Geez and I was looking forward to checking out all of the new spots this fall from people posting their GPS coordiates to all of the best covers! Thank a lot Fritz!! :banghead3  :irked: :tsk: :shhh:  :lol: :lol: :evilsmile :evilsmile


----------



## BIGSP (Sep 16, 2004)

Steelheadfred said:


> Fellow bird chasers,
> 
> I have seen the affects of the net on my favorite fishing rivers, the over crowding, the trash, ext.....
> 
> ...


Fritz,

Good points but, based on what I have seen this summer I am not so sure we are going to have to worry about it. I have been very disappointed in what I have seen so far and so have many others I converse with, all over the state. I won't get too discouraged yet but, if Oct. is this slow I maybe going to Wis. or just head out west for a while.


----------



## HarleyP (Mar 4, 2004)

I agree 100% with you Fritz, even giving out minimal info on location can hone alot of people to the area. 

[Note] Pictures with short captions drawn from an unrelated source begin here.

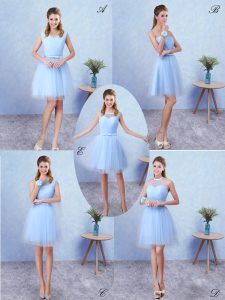High End Blue A-line Scoop Sleeveless Tulle Knee Length Lace Up Ruching Dama Dress for Quinceanera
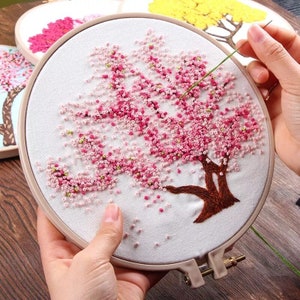 Embroidery Kit Beginner tree/ cherry blossom Embroidery Kit /Floral Hand Embroidery Full Kit /DIY Hoop Wall Art Kit/DIY Craft Project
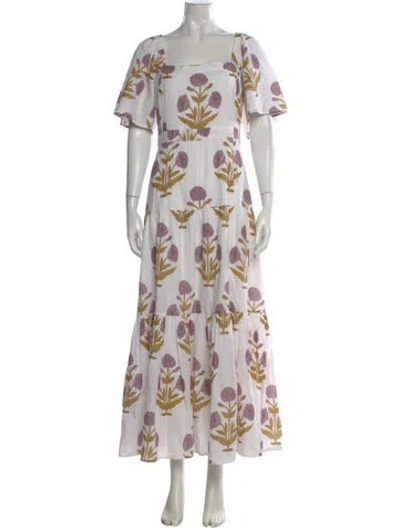 Pre-owned Pink Chicken Floral Print Long Dress In Multi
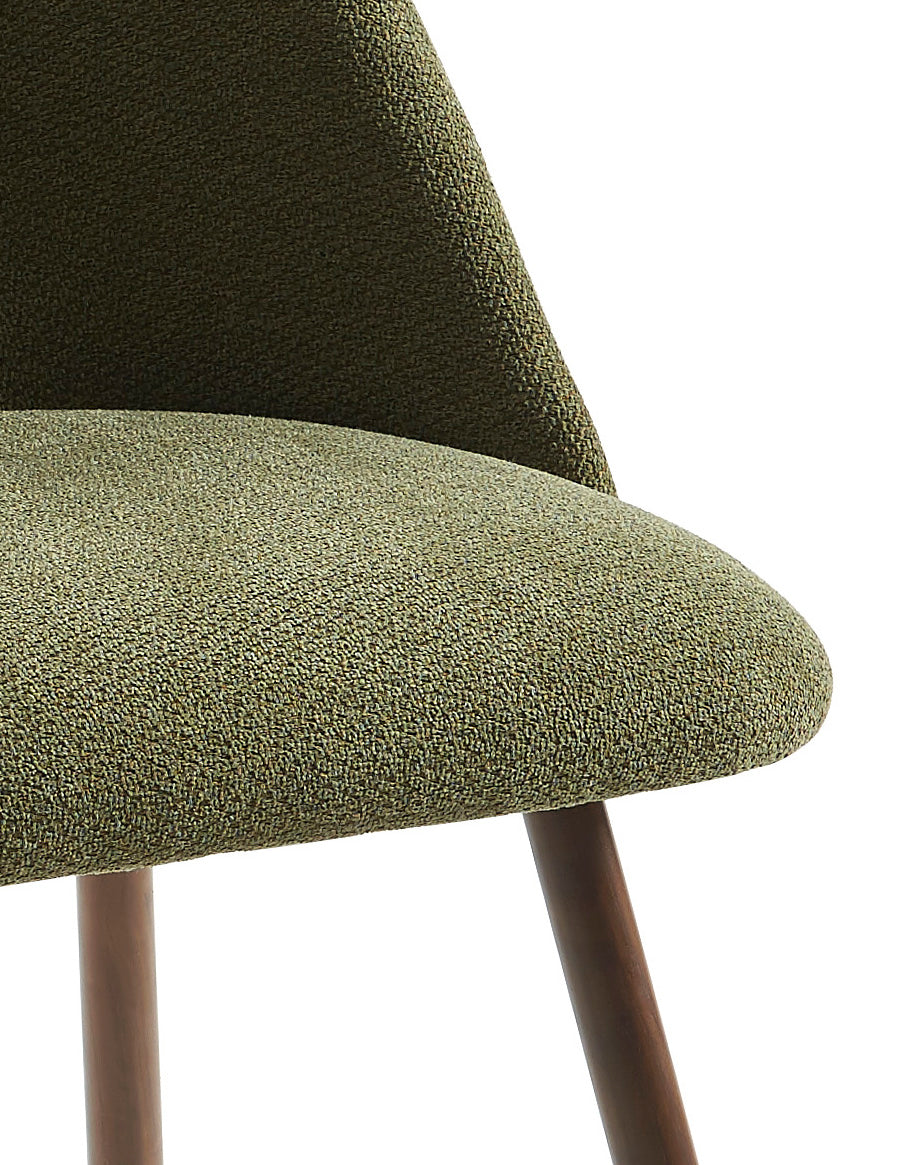 Elisabeth - Set van 2 stoelen - Stof en poten met eikeneffect - Groen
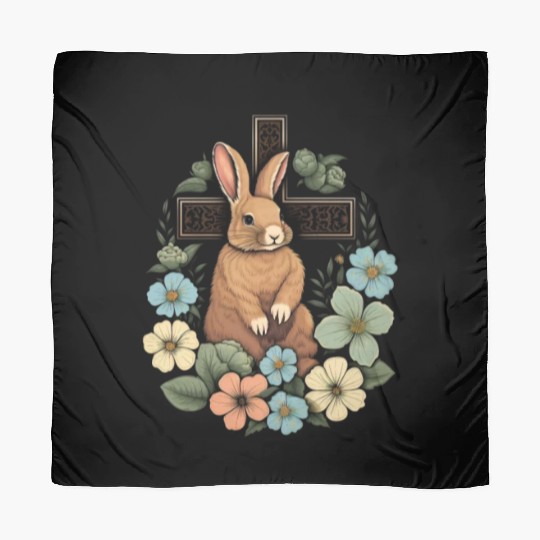 Christian Easter Day Cross Easter Bunny Rabbit Scarves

I really don't mind hunting the same spot as other people but let them find the places by burning gasoline and boot leather like most of us do here.

Loose lips sink ships.


----------



## Dead Bird (Oct 2, 2001)

everyone that posted was new at some time... be careful not to become such a cult that we may miss out out on new memebrs that have alot to offer... without mentioning names there is a waterfowl site that was at one time was a great site... not so much today... it takes over 13 hours to drive through our state... what would help more than anything would be if everyone only took one bird out of every covey in a year.... and I don't mean personally but per hunting party... with all the birds most have been moving this yr I don't think saying Gladwin or Schoolcraft would be a give away... just my two cents...


----------